The ES Major or Concentration begins with an introduction to environmental studies, a class focusing on global environmental problems viewed from a natural and physical science perspective but treated within the larger context of political, economic and ethical concerns. Students then select additional courses from the three tracks. These track course choices provide a significant focus on discipline-centered studies of the environment, and include areas such as environmental history and ethics, conservation biology, earth system science, environmental chemistry, literature of the environment, and environmental policy. Choices for the remainder of the requirements include a number of off-campus studies as well as courses from allied departments. Examples of the former include winter ecology, desert ecology, and tropical ecology, or participation in programs in Costa Rica, south India, or Australia. The capstone seminar, required of ES majors, is also an option as one of the elective choices for the Concentration.
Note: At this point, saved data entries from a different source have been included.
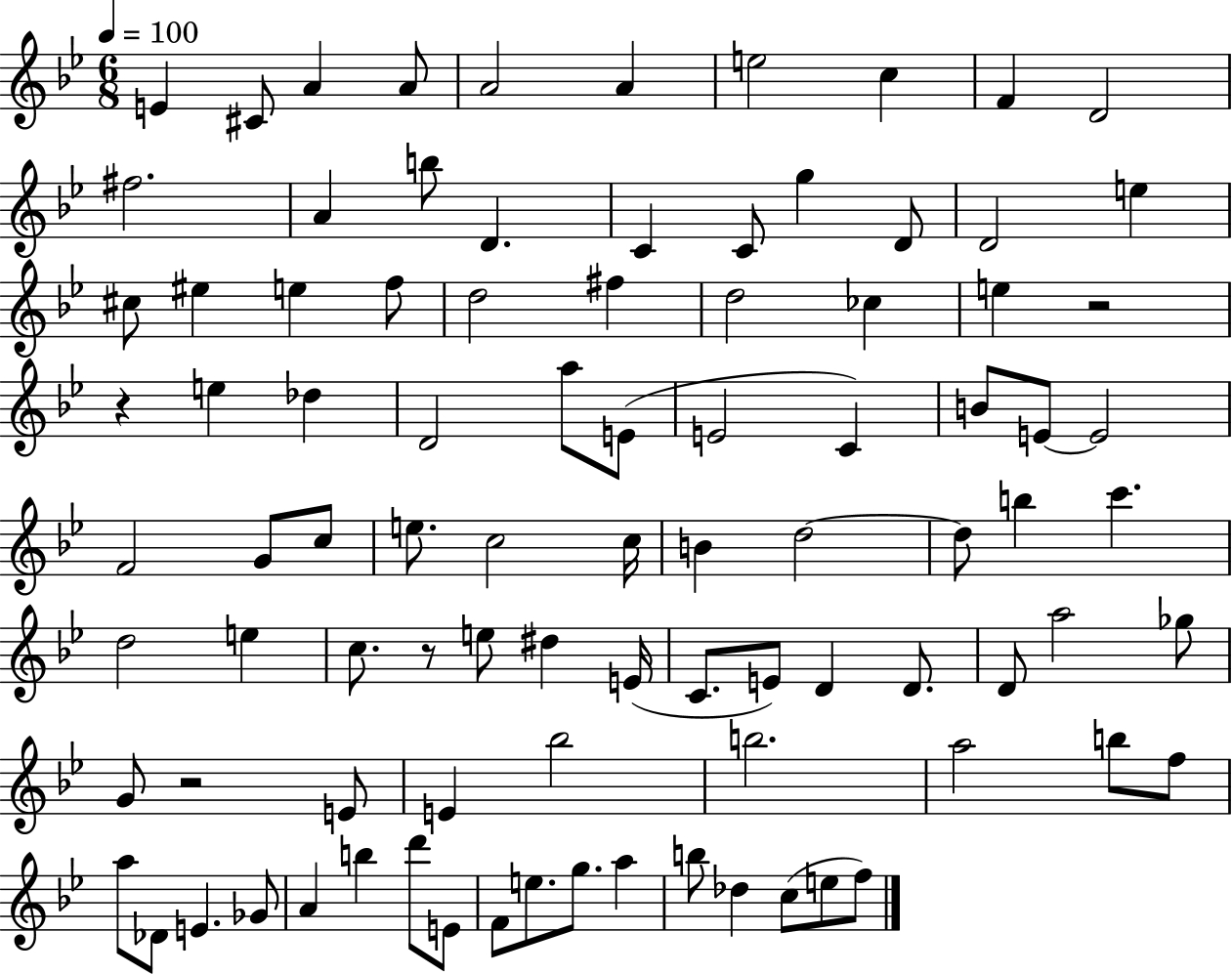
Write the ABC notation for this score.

X:1
T:Untitled
M:6/8
L:1/4
K:Bb
E ^C/2 A A/2 A2 A e2 c F D2 ^f2 A b/2 D C C/2 g D/2 D2 e ^c/2 ^e e f/2 d2 ^f d2 _c e z2 z e _d D2 a/2 E/2 E2 C B/2 E/2 E2 F2 G/2 c/2 e/2 c2 c/4 B d2 d/2 b c' d2 e c/2 z/2 e/2 ^d E/4 C/2 E/2 D D/2 D/2 a2 _g/2 G/2 z2 E/2 E _b2 b2 a2 b/2 f/2 a/2 _D/2 E _G/2 A b d'/2 E/2 F/2 e/2 g/2 a b/2 _d c/2 e/2 f/2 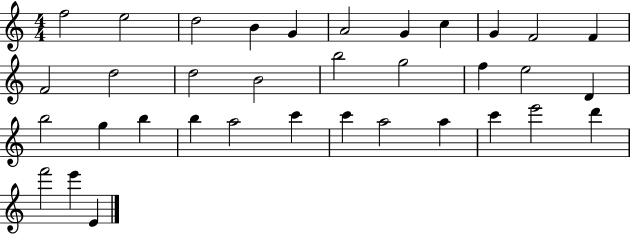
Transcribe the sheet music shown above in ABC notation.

X:1
T:Untitled
M:4/4
L:1/4
K:C
f2 e2 d2 B G A2 G c G F2 F F2 d2 d2 B2 b2 g2 f e2 D b2 g b b a2 c' c' a2 a c' e'2 d' f'2 e' E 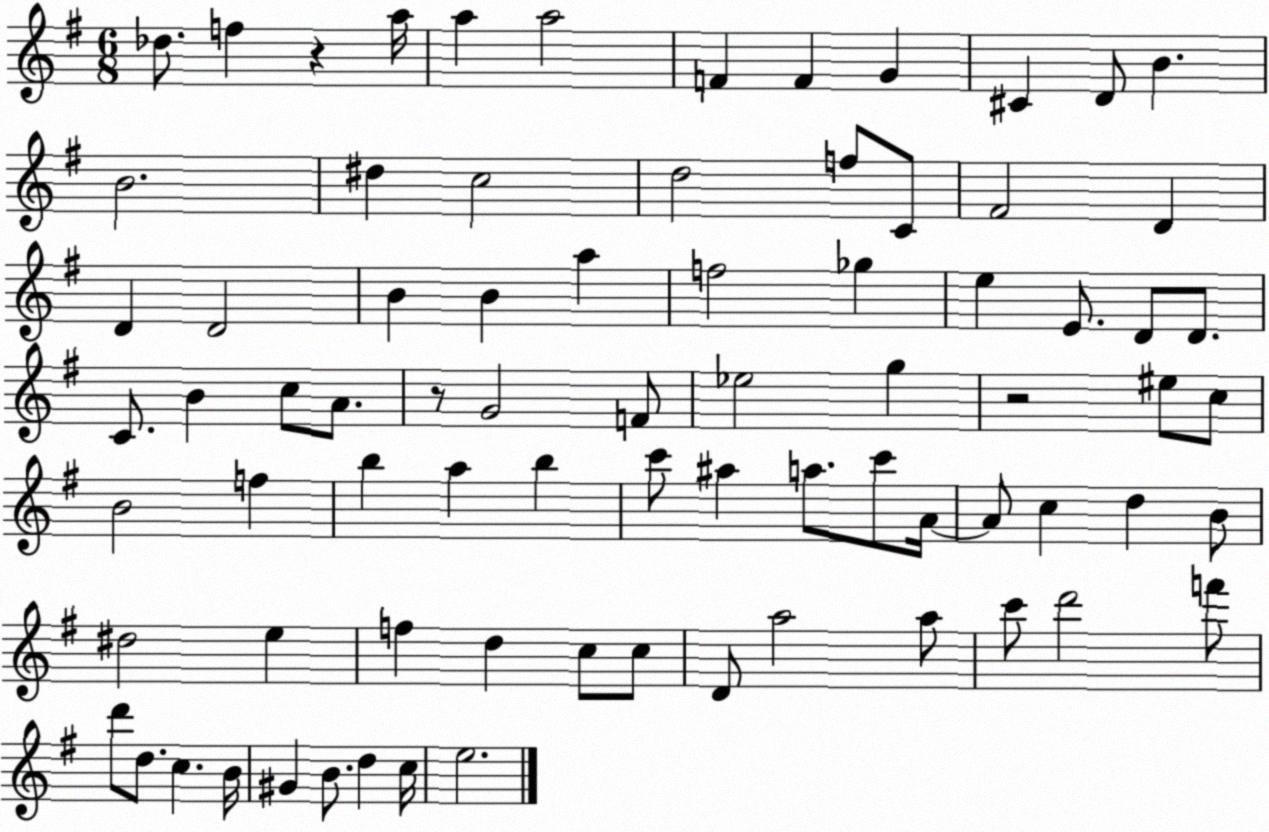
X:1
T:Untitled
M:6/8
L:1/4
K:G
_d/2 f z a/4 a a2 F F G ^C D/2 B B2 ^d c2 d2 f/2 C/2 ^F2 D D D2 B B a f2 _g e E/2 D/2 D/2 C/2 B c/2 A/2 z/2 G2 F/2 _e2 g z2 ^e/2 c/2 B2 f b a b c'/2 ^a a/2 c'/2 A/4 A/2 c d B/2 ^d2 e f d c/2 c/2 D/2 a2 a/2 c'/2 d'2 f'/2 d'/2 d/2 c B/4 ^G B/2 d c/4 e2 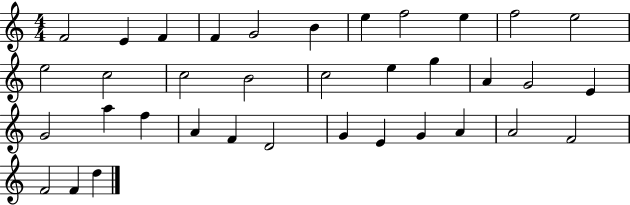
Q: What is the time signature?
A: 4/4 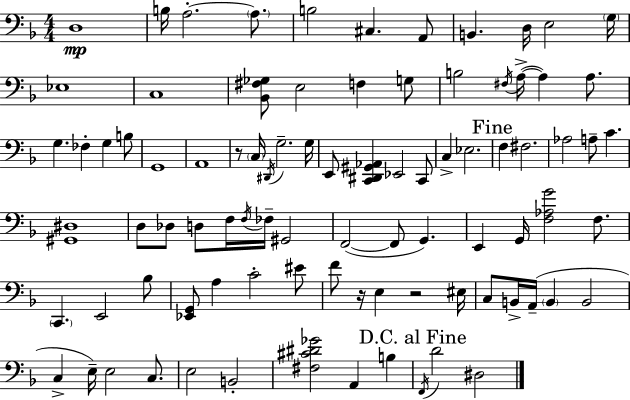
{
  \clef bass
  \numericTimeSignature
  \time 4/4
  \key d \minor
  \repeat volta 2 { d1\mp | b16 a2.-.~~ \parenthesize a8. | b2 cis4. a,8 | b,4. d16 e2 \parenthesize g16 | \break ees1 | c1 | <bes, fis ges>8 e2 f4 g8 | b2 \acciaccatura { fis16 }( a16->~~ a4) a8. | \break g4. fes4-. g4 b8 | g,1 | a,1 | r8 \parenthesize c16 \acciaccatura { dis,16 } g2.-- | \break g16 e,8 <c, dis, gis, aes,>4 ees,2 | c,8 c4-> ees2. | \mark "Fine" f4 fis2. | aes2 a8-- c'4. | \break <gis, dis>1 | d8 des8 d8 f16 \acciaccatura { f16 } fes16-- gis,2 | f,2~(~ f,8 g,4.) | e,4 g,16 <f aes g'>2 | \break f8. \parenthesize c,4. e,2 | bes8 <ees, g,>8 a4 c'2-. | eis'8 f'8 r16 e4 r2 | eis16 c8 b,16-> a,16--( \parenthesize b,4 b,2 | \break c4-> e16--) e2 | c8. e2 b,2-. | <fis cis' dis' ges'>2 a,4 b4 | \mark "D.C. al Fine" \acciaccatura { f,16 } d'2 dis2 | \break } \bar "|."
} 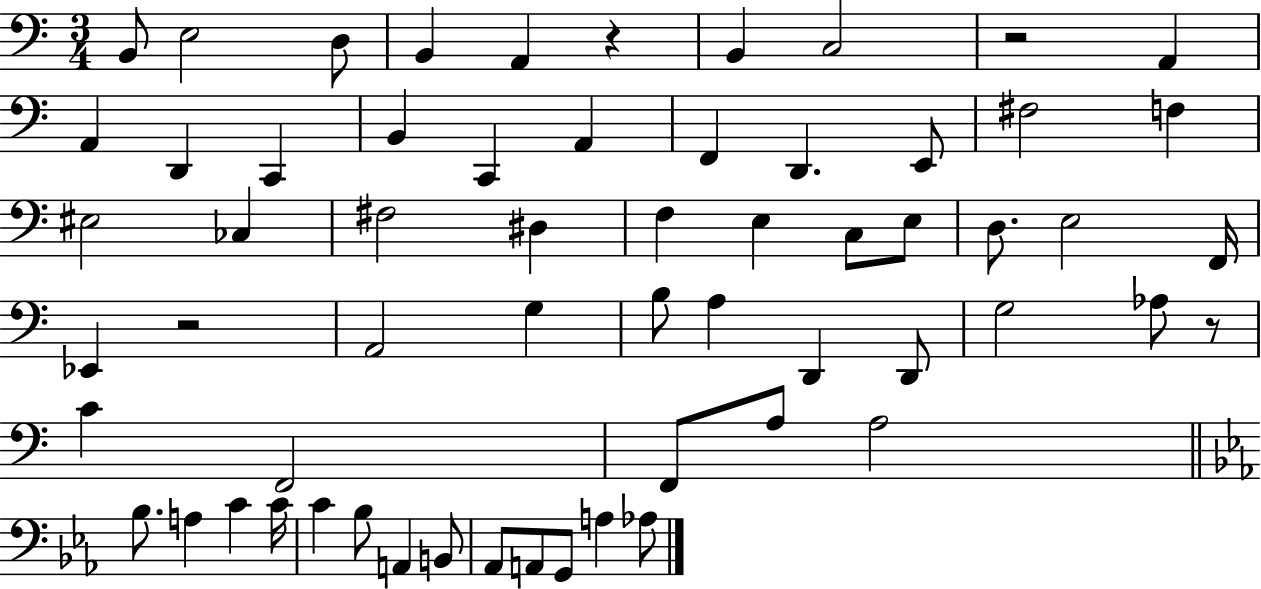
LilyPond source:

{
  \clef bass
  \numericTimeSignature
  \time 3/4
  \key c \major
  b,8 e2 d8 | b,4 a,4 r4 | b,4 c2 | r2 a,4 | \break a,4 d,4 c,4 | b,4 c,4 a,4 | f,4 d,4. e,8 | fis2 f4 | \break eis2 ces4 | fis2 dis4 | f4 e4 c8 e8 | d8. e2 f,16 | \break ees,4 r2 | a,2 g4 | b8 a4 d,4 d,8 | g2 aes8 r8 | \break c'4 f,2 | f,8 a8 a2 | \bar "||" \break \key ees \major bes8. a4 c'4 c'16 | c'4 bes8 a,4 b,8 | aes,8 a,8 g,8 a4 aes8 | \bar "|."
} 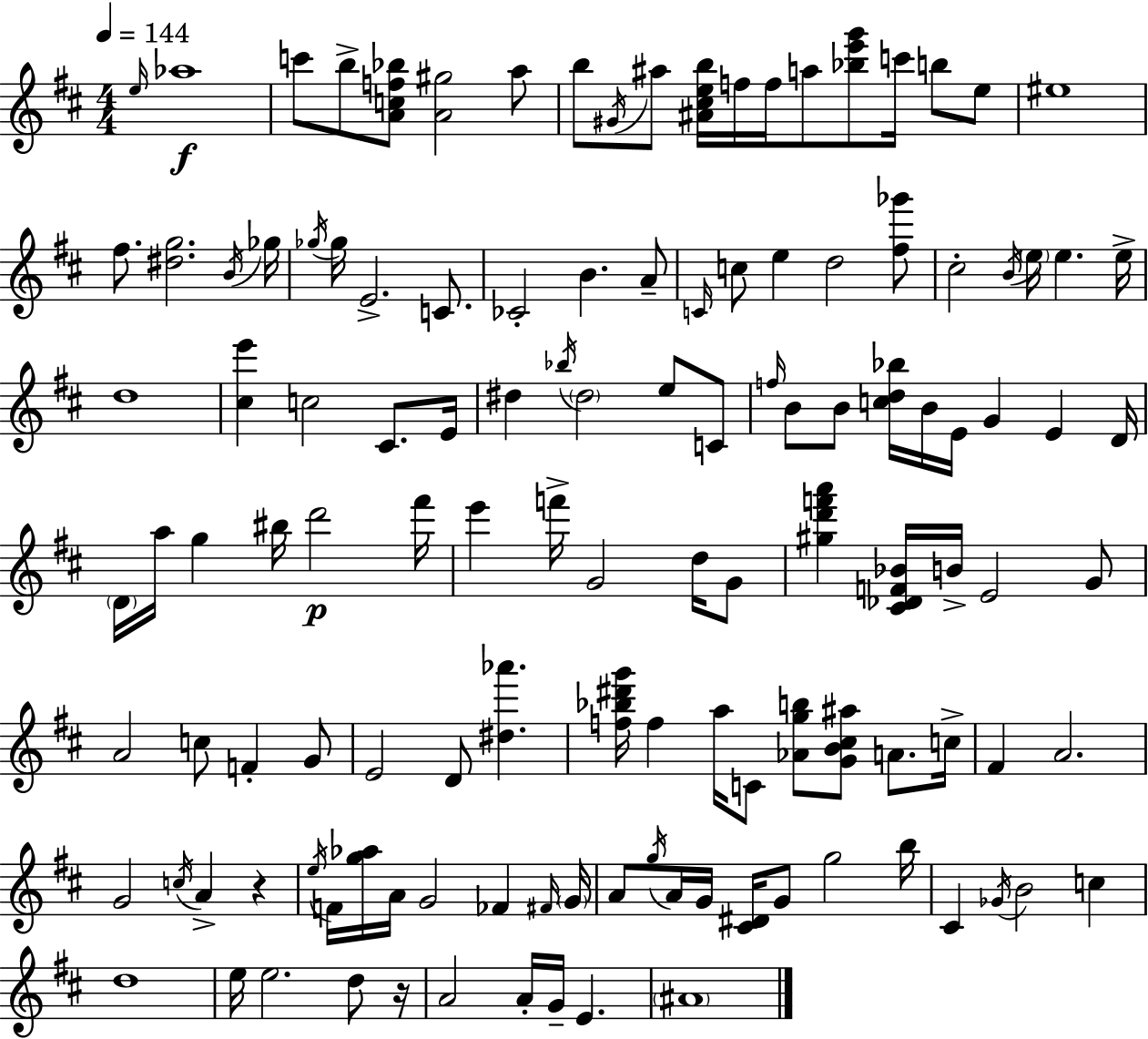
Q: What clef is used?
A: treble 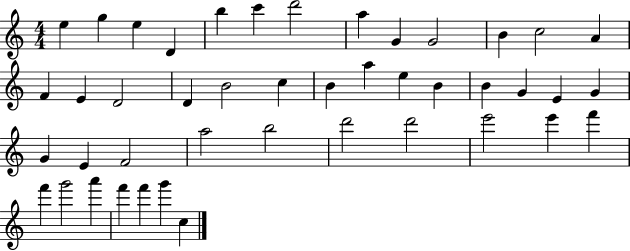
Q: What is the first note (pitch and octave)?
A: E5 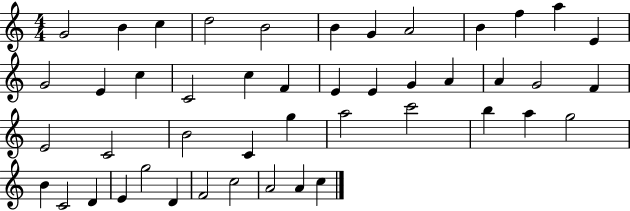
{
  \clef treble
  \numericTimeSignature
  \time 4/4
  \key c \major
  g'2 b'4 c''4 | d''2 b'2 | b'4 g'4 a'2 | b'4 f''4 a''4 e'4 | \break g'2 e'4 c''4 | c'2 c''4 f'4 | e'4 e'4 g'4 a'4 | a'4 g'2 f'4 | \break e'2 c'2 | b'2 c'4 g''4 | a''2 c'''2 | b''4 a''4 g''2 | \break b'4 c'2 d'4 | e'4 g''2 d'4 | f'2 c''2 | a'2 a'4 c''4 | \break \bar "|."
} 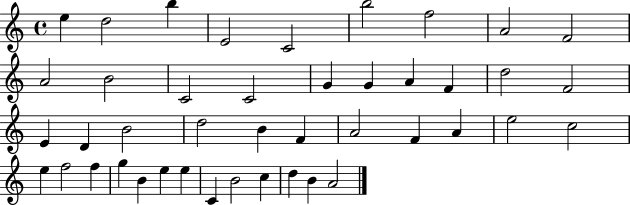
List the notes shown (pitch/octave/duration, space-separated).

E5/q D5/h B5/q E4/h C4/h B5/h F5/h A4/h F4/h A4/h B4/h C4/h C4/h G4/q G4/q A4/q F4/q D5/h F4/h E4/q D4/q B4/h D5/h B4/q F4/q A4/h F4/q A4/q E5/h C5/h E5/q F5/h F5/q G5/q B4/q E5/q E5/q C4/q B4/h C5/q D5/q B4/q A4/h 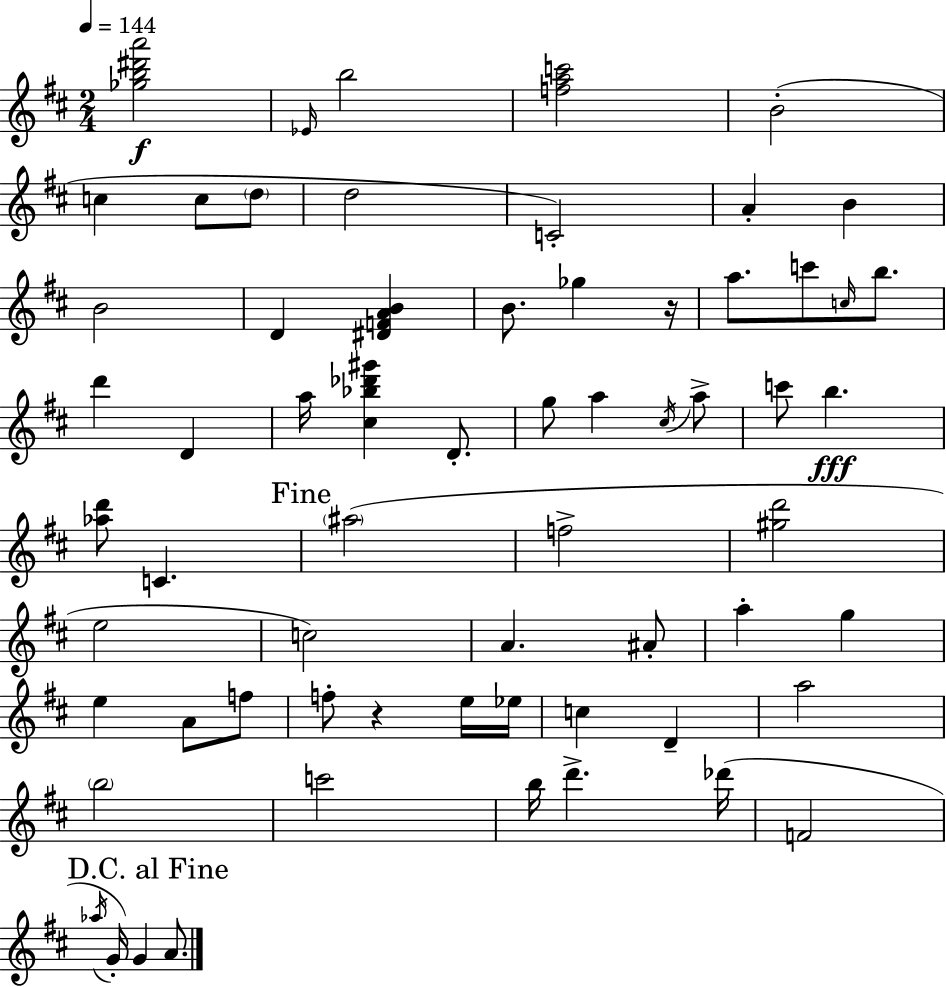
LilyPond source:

{
  \clef treble
  \numericTimeSignature
  \time 2/4
  \key d \major
  \tempo 4 = 144
  <ges'' b'' dis''' a'''>2\f | \grace { ees'16 } b''2 | <f'' a'' c'''>2 | b'2-.( | \break c''4 c''8 \parenthesize d''8 | d''2 | c'2-.) | a'4-. b'4 | \break b'2 | d'4 <dis' f' a' b'>4 | b'8. ges''4 | r16 a''8. c'''8 \grace { c''16 } b''8. | \break d'''4 d'4 | a''16 <cis'' bes'' des''' gis'''>4 d'8.-. | g''8 a''4 | \acciaccatura { cis''16 } a''8-> c'''8 b''4.\fff | \break <aes'' d'''>8 c'4. | \mark "Fine" \parenthesize ais''2( | f''2-> | <gis'' d'''>2 | \break e''2 | c''2) | a'4. | ais'8-. a''4-. g''4 | \break e''4 a'8 | f''8 f''8-. r4 | e''16 ees''16 c''4 d'4-- | a''2 | \break \parenthesize b''2 | c'''2 | b''16 d'''4.-> | des'''16( f'2 | \break \mark "D.C. al Fine" \acciaccatura { aes''16 } g'16-.) g'4 | a'8. \bar "|."
} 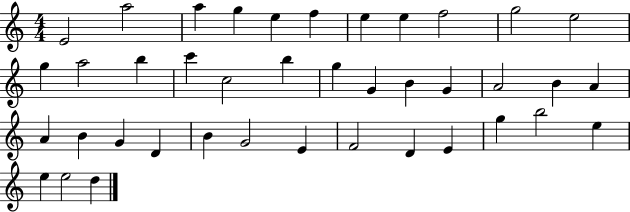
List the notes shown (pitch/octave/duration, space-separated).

E4/h A5/h A5/q G5/q E5/q F5/q E5/q E5/q F5/h G5/h E5/h G5/q A5/h B5/q C6/q C5/h B5/q G5/q G4/q B4/q G4/q A4/h B4/q A4/q A4/q B4/q G4/q D4/q B4/q G4/h E4/q F4/h D4/q E4/q G5/q B5/h E5/q E5/q E5/h D5/q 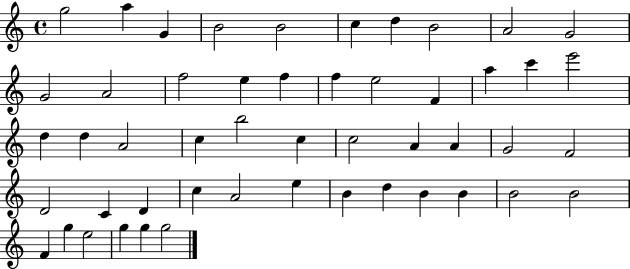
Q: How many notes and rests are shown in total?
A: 50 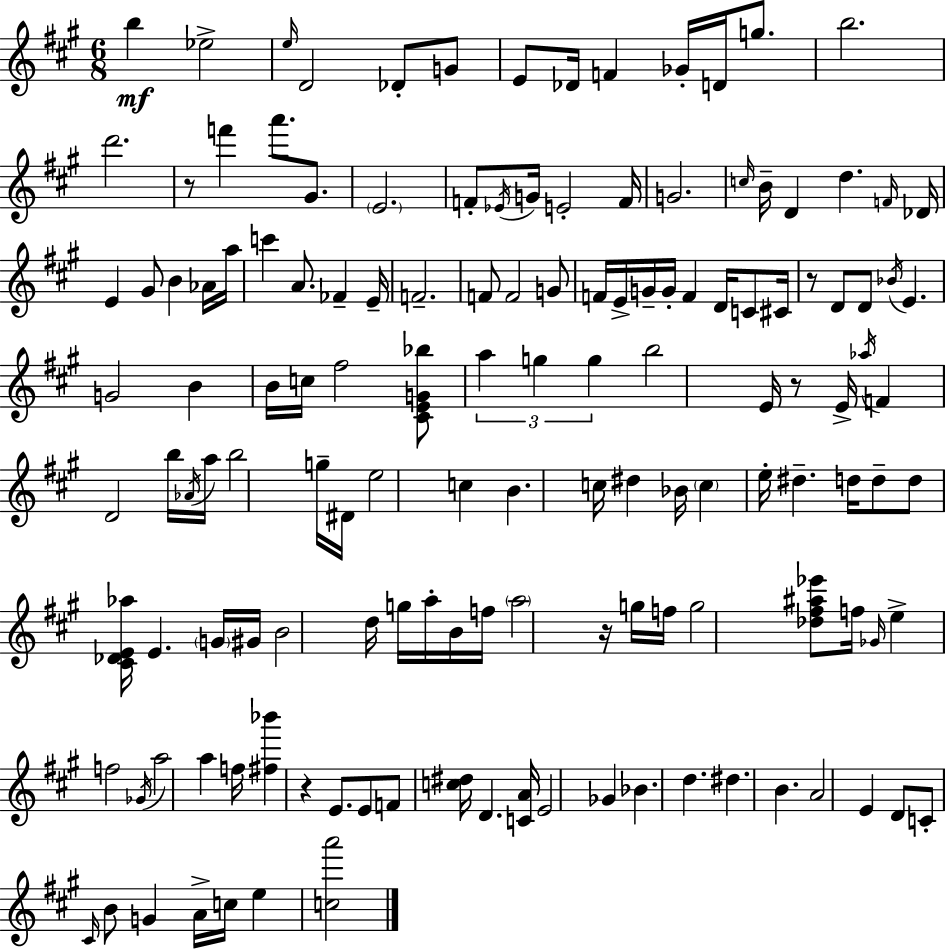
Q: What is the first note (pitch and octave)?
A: B5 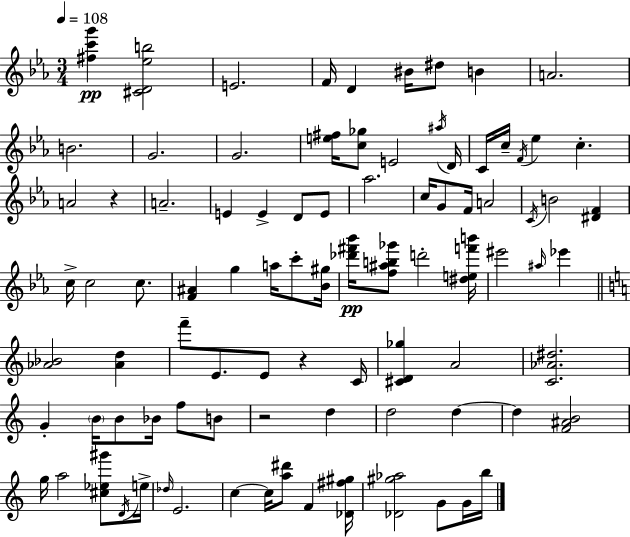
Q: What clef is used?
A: treble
ES 123: Geophysics/Introduction to Earth Science
ES 137: Introduction to Environmental Studies
ES 202: The Culture of Nature
ESPS 201: Global Environmental Politics
BIES 226: Conservation Biology
BIES 228: Environmental Health
ES 232: Environmental Policy and Regulation
ES 245: Global Climate Change
ES 255: Remote Sensing & Geographic Info. Systems
ES 270: Nature and the American Landscape
ESPS 276: Environmental Politics
ES 281 A&B: Sustainable Development (Binder)
ES 281 C: Agroecology (Shea)
ES 281 D: Varieties of Ecological Experience (Brown)
ES 381: Adv. Topic: Green Building/Remodeling (Jackson)
ES 381 A: Ecocriticism and American Nature Poetry (Allister)
ES 381B: Environmental Modeling (Whittinghill)
ES 399: Senior Seminar In Environmental Studies
Note: Art 370 Issues Art Criticism: environmental art. This course will count toward the arts/humanities area of environmental study.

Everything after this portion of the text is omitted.